> **DATA SUPPLIED**
----

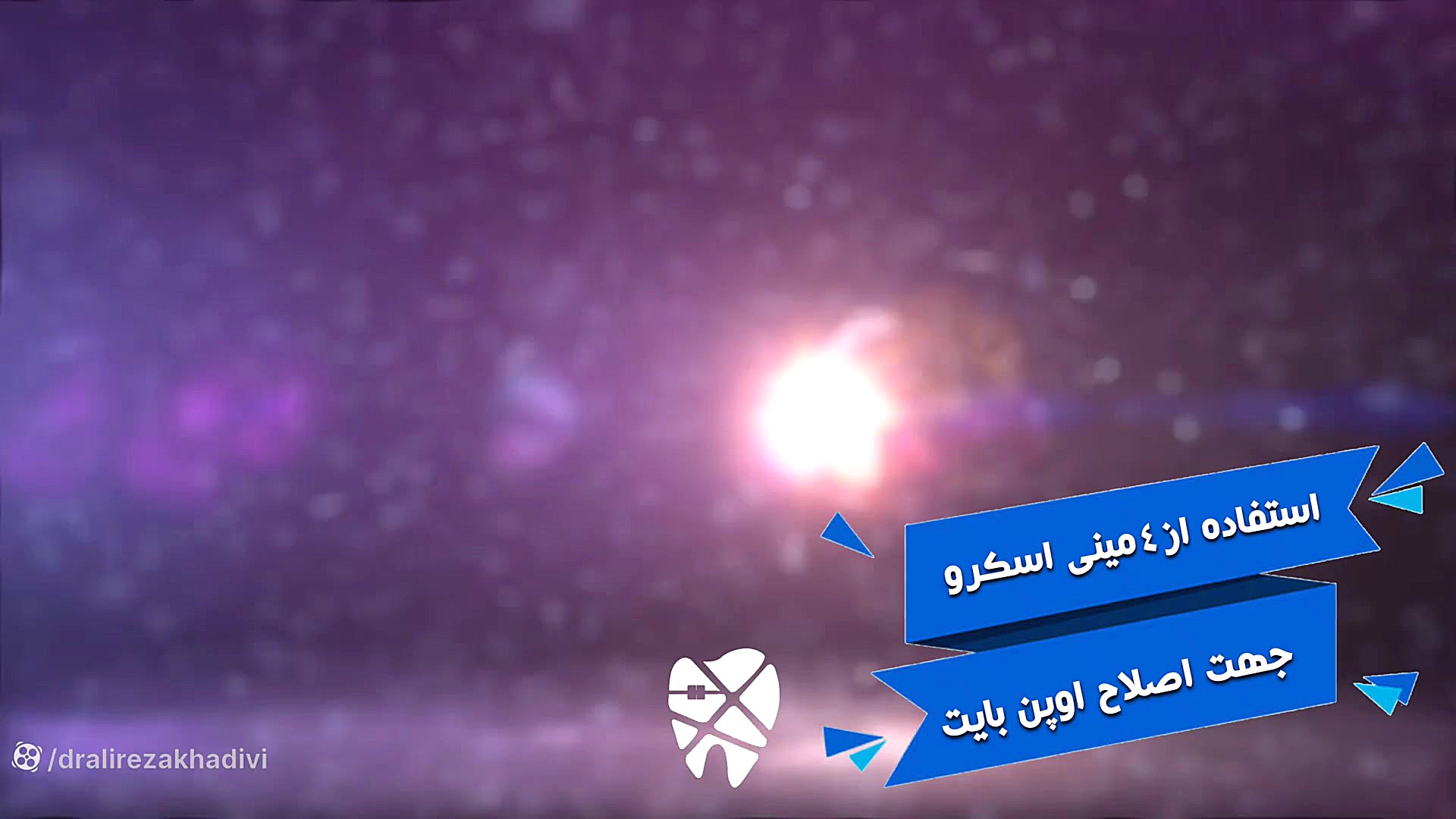 استفاده از مینی اسکرو برای اصلاح اوپن بایت دکتر علیرضا خدیوی
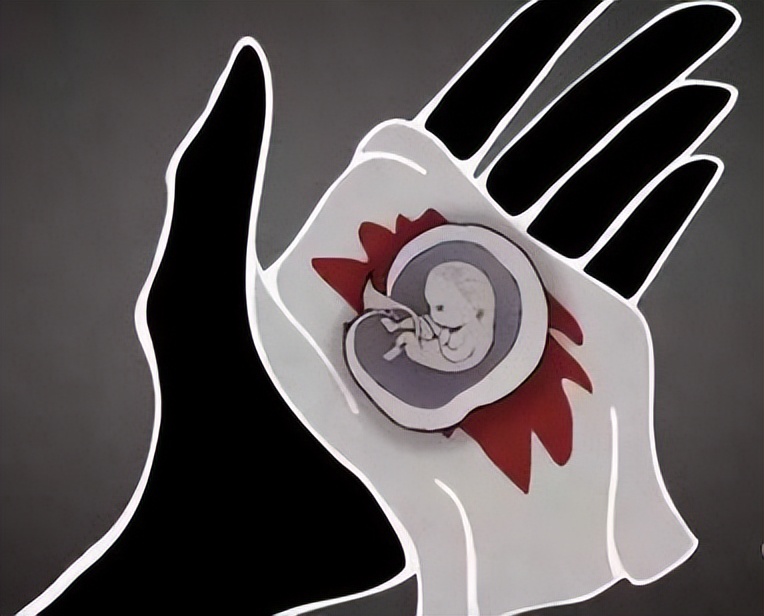 人流流出的胎儿扔了吗,医院做人流的胎儿怎么处理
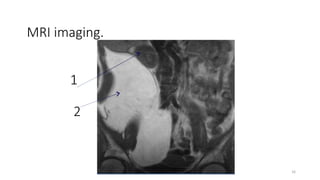 MRI imaging.
1
2
16
 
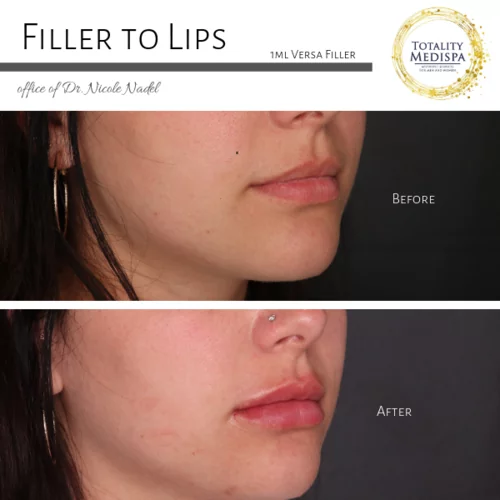 Lip Filler Before and After Photo by Totality Medispa in Charleston, SC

----

> **ACTIVITY**
Beginning with the line that holds "MRI imaging.", write out exactly the lines down to the end of the material above, and no others. Pictures are not part of the copy.

> **ANSWER FOR THIS EXERCISE**
 MRI imaging.
1
2
16
 
 Lip Filler Before and After Photo by Totality Medispa in Charleston, SC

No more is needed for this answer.